### Activity
Below are records; from the line containing "Defacto E9161AXNM28 Mavi" through the very last line, output each line exactly. No pictures.

### Captioned web image data
>>
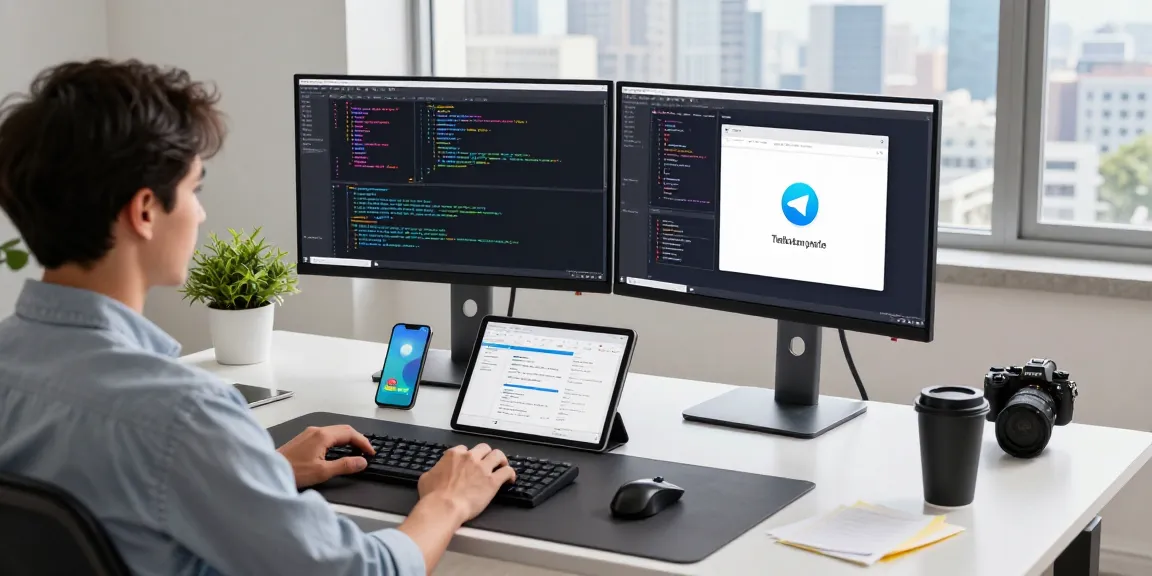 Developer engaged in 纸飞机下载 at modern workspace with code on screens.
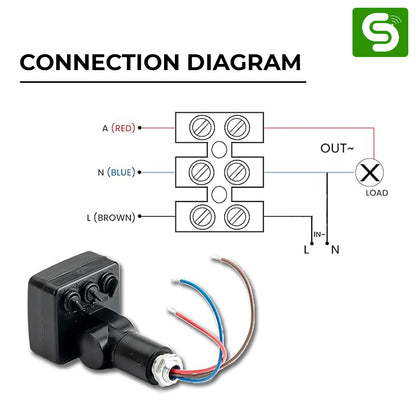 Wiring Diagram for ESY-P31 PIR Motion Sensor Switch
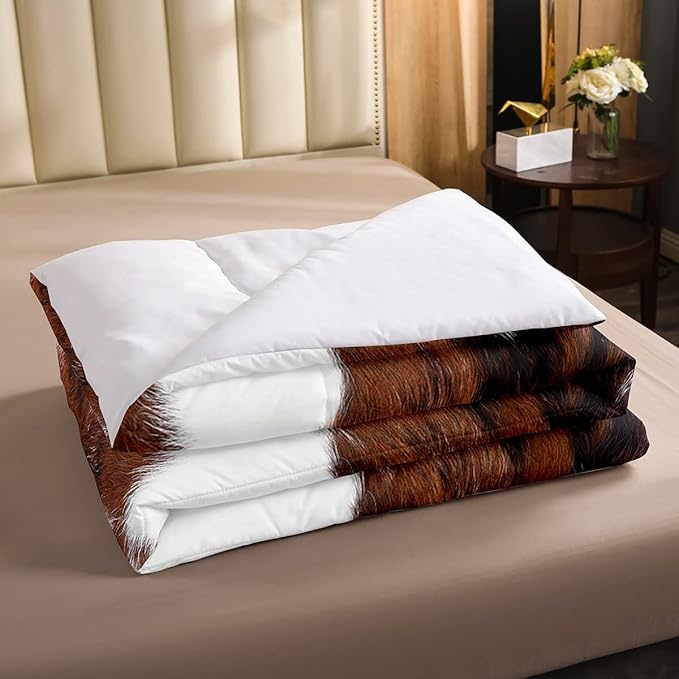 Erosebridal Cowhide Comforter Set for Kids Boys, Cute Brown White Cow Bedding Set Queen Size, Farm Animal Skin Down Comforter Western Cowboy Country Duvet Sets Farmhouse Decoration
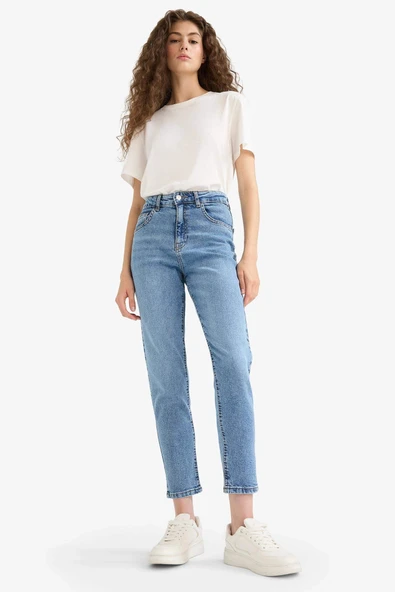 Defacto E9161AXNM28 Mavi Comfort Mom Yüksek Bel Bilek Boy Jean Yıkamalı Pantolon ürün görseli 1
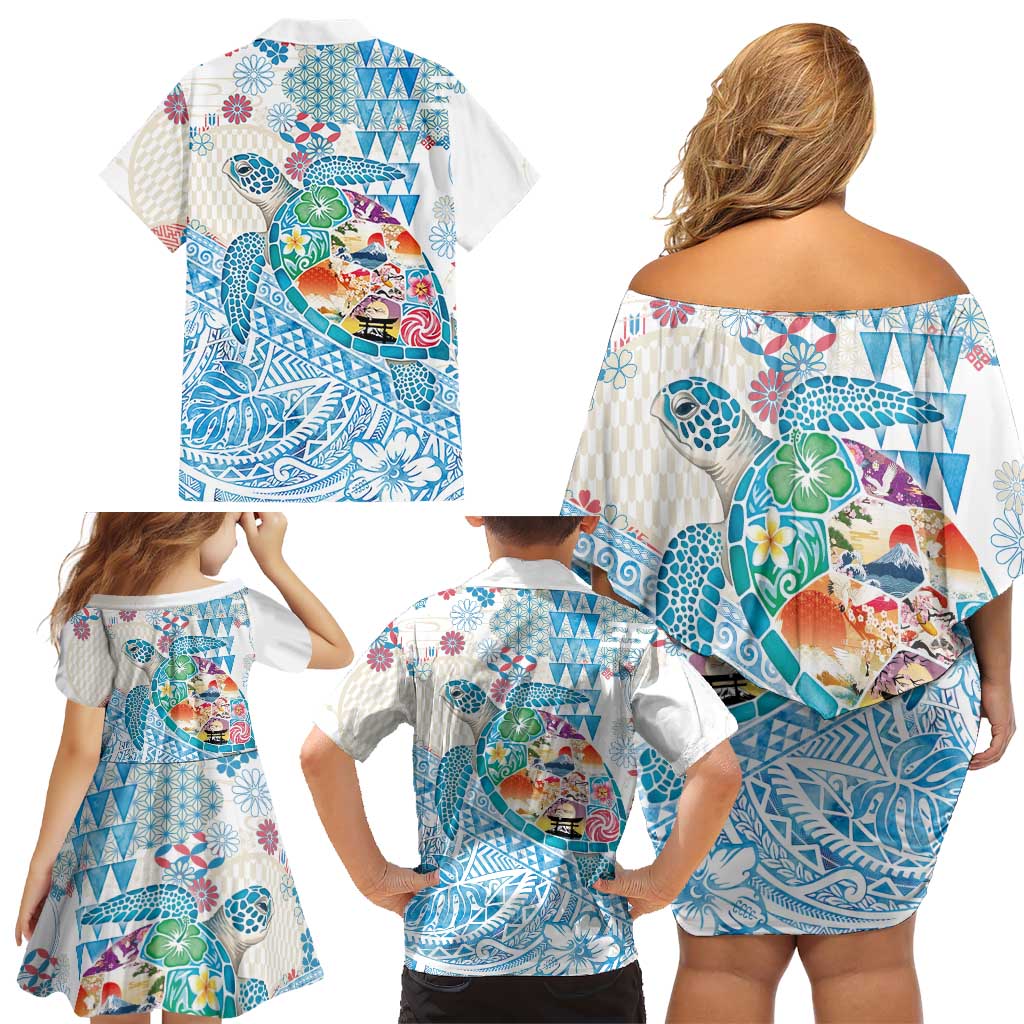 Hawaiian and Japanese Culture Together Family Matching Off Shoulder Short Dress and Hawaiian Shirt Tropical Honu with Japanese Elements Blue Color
<<
### Worked solution
 Defacto E9161AXNM28 Mavi Comfort Mom Yüksek Bel Bilek Boy Jean Yıkamalı Pantolon ürün görseli 1
 Hawaiian and Japanese Culture Together Family Matching Off Shoulder Short Dress and Hawaiian Shirt Tropical Honu with Japanese Elements Blue Color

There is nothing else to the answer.